As I said in the previous issue, I'm fairly sure it's not a memory related issue :
root@WRT32x:~# free total used free shared buffers cached Mem: 510936 226216 284720 548 4060 12632 -/+ buffers/cache: 209524 301412
This box literally does nothing other than shunt packets between the wireless and wired LAN. It's a very expensive AP.
It has me stuffed, but as long as I have a web tab with the status overview up it happens pretty much every day.
I'll put some instrumentation in ip.so to find out which allocation is failing and compile up a new image to test.
Debug printing from lua is easy enough. Is there a reference for getting a debug print out of the linked library you could point me towards?
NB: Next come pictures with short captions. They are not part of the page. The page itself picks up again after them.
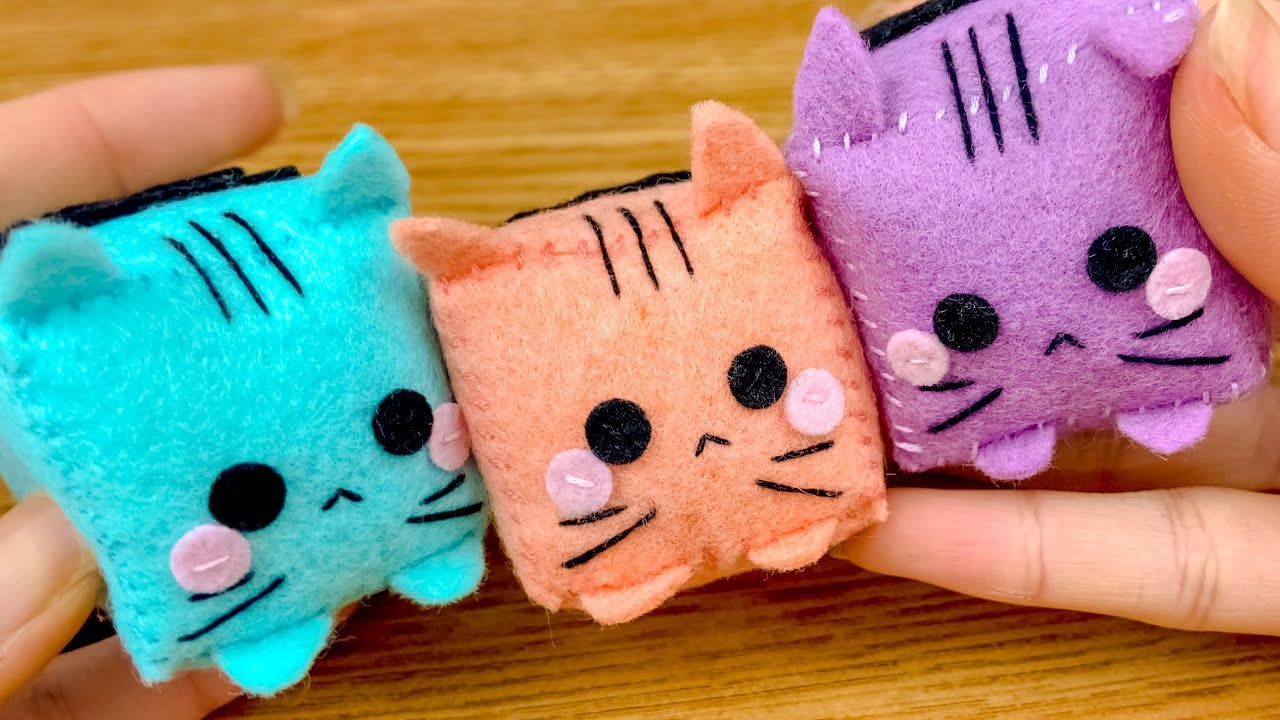 Hand Sewn Cube Cats  (Attempt #2)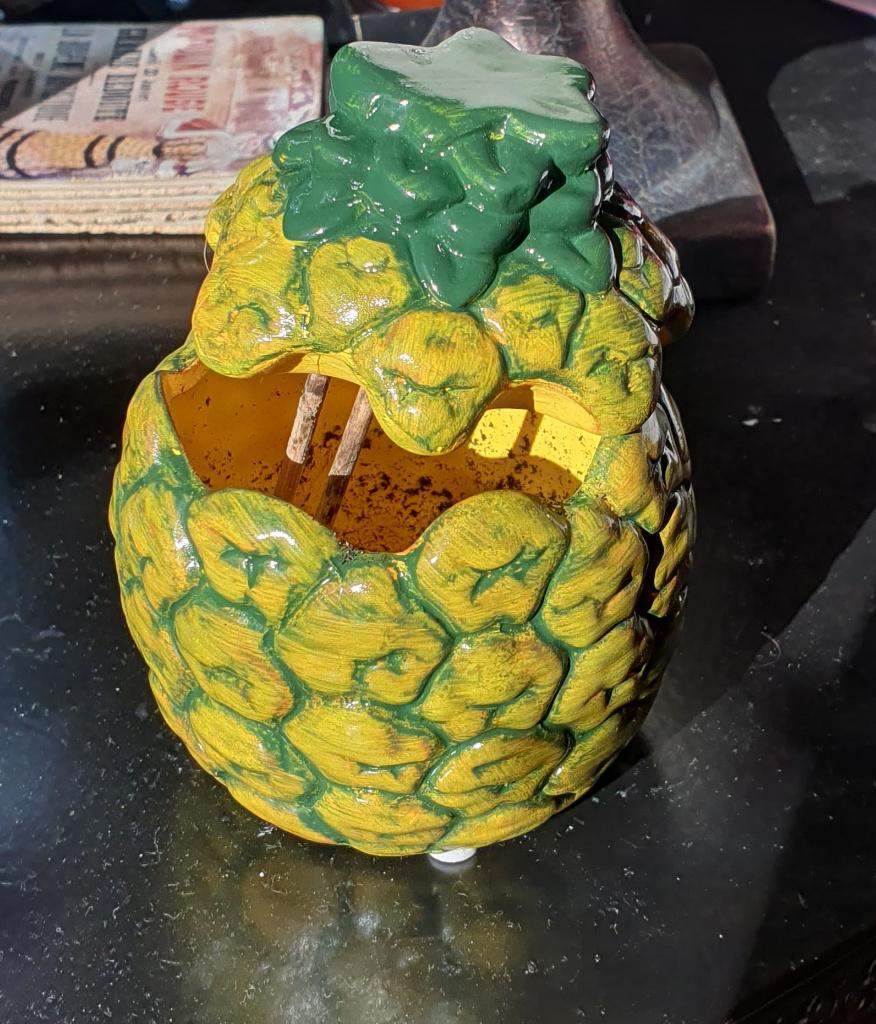 Bloempotje ananas, Gebruikt, Rond, Ophalen of Verzenden, Aardewerk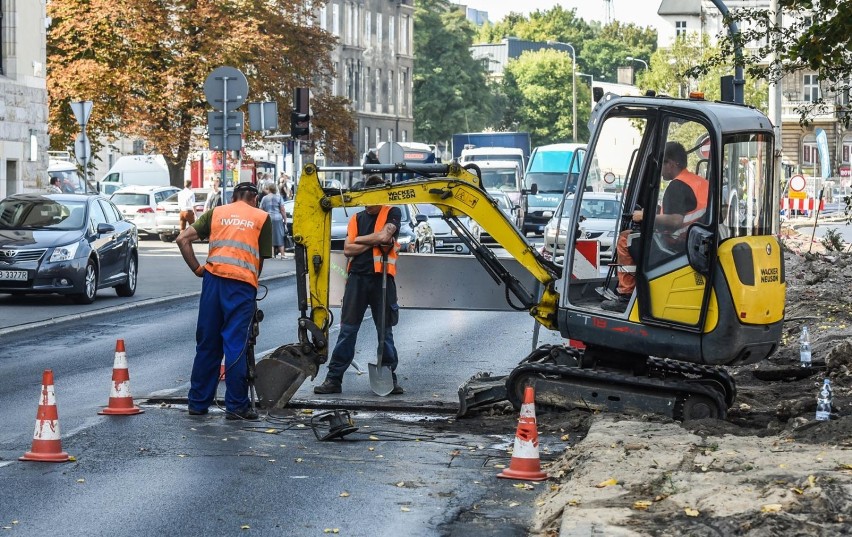 Ulica Grunwaldzka ma zostać poszerzona o dodatkową jezdnię....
It should be enough to use fprintf(stderr, "msg=%p, cb=%p\n", msg, cb);
in the library to make the output appear in logread
.
I suspect the problem can be "fixed" with a change like this:
diff --git a/libs/luci-lib-ip/src/ip.c b/libs/luci-lib-ip/src/ip.c
index 854a0c09c..7cf3cd444 100644
--- a/libs/luci-lib-ip/src/ip.c
+++ b/libs/luci-lib-ip/src/ip.c
@@ -1517,8 +1517,10 @@ static int link_get(lua_State *L)
struct nl_cb *cb = nl_cb_alloc(NL_CB_DEFAULT);
struct ifinfomsg ifm = { .ifi_index = if_nametoindex(dev) };
+ lua_newtable(L);
+
if (!msg || !cb)
- return 0;
+ return 1;
nlmsg_append(msg, &ifm, sizeof(ifm), 0);
@@ -1526,8 +1528,6 @@ static int link_get(lua_State *L)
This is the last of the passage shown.